▶ [Work order] For this task, output exactly the lines of the material below starting at the line with "Imagen de archivo" and ending at the line with "Long Charm Necklace"; pictures are to be excluded.

▶ [Data for the task]

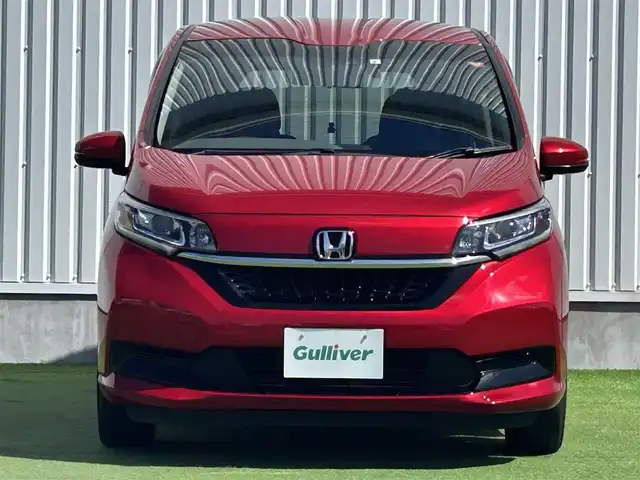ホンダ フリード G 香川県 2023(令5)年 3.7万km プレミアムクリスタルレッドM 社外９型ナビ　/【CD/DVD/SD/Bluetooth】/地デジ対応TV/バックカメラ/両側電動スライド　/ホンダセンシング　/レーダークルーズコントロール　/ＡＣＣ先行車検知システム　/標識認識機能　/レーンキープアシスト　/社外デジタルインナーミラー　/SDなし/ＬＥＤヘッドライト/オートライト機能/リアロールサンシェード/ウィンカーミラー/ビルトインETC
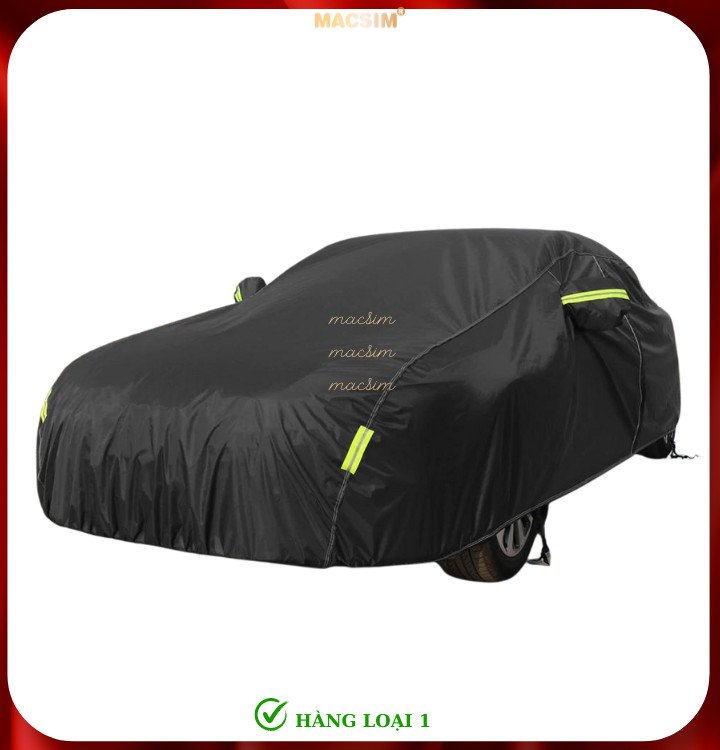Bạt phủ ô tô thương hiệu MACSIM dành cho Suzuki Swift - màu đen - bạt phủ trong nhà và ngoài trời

...

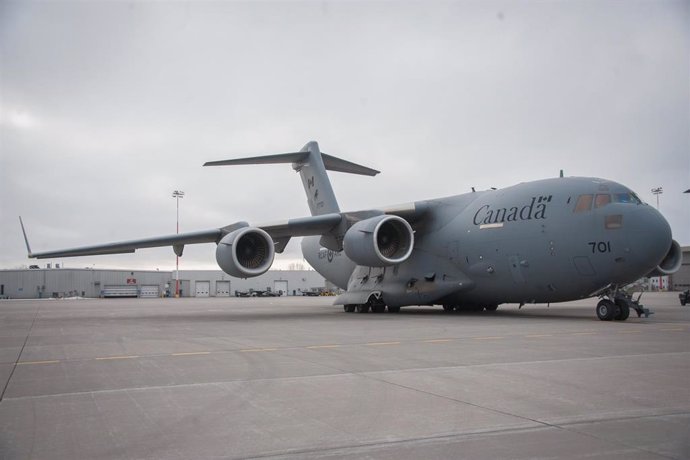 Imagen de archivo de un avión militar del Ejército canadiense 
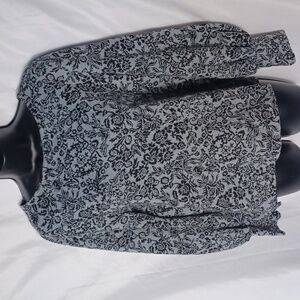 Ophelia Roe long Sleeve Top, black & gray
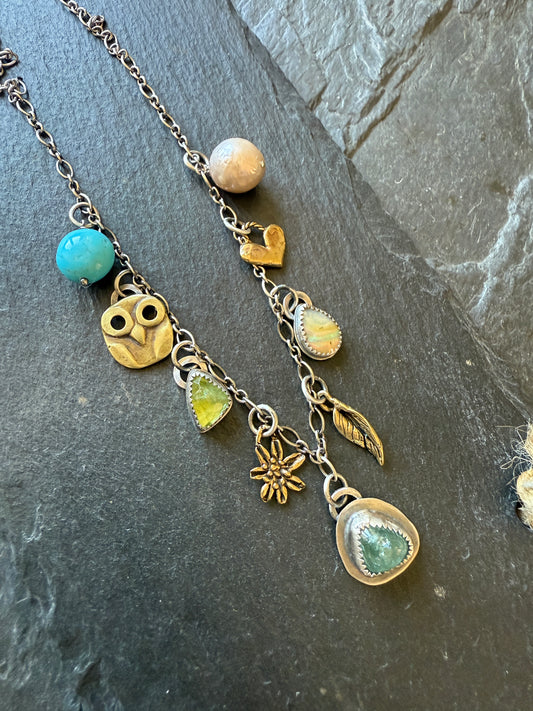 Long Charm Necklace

...

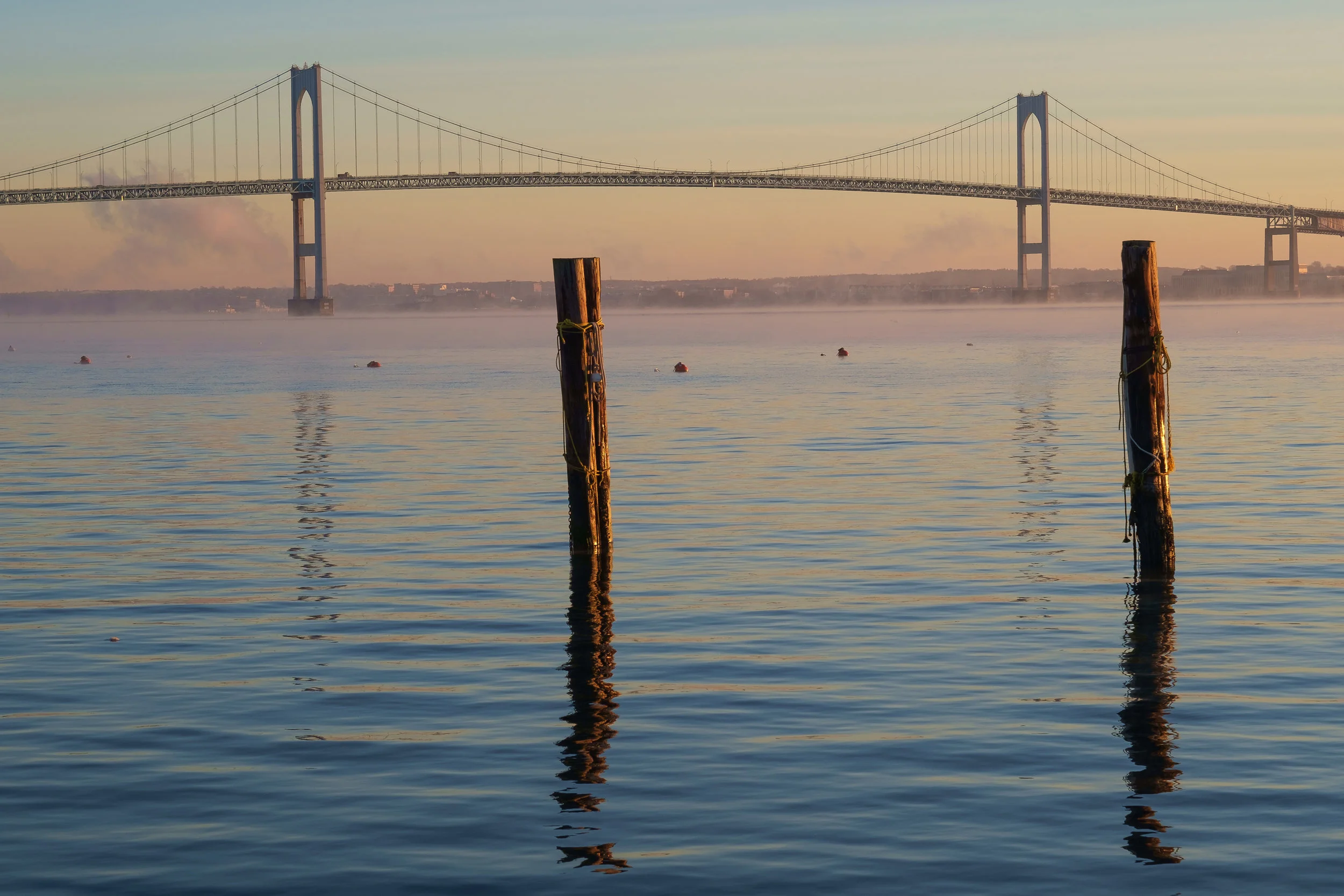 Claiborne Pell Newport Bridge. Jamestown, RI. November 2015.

▶ [Solution]
 Imagen de archivo de un avión militar del Ejército canadiense 
 Ophelia Roe long Sleeve Top, black & gray
 Long Charm Necklace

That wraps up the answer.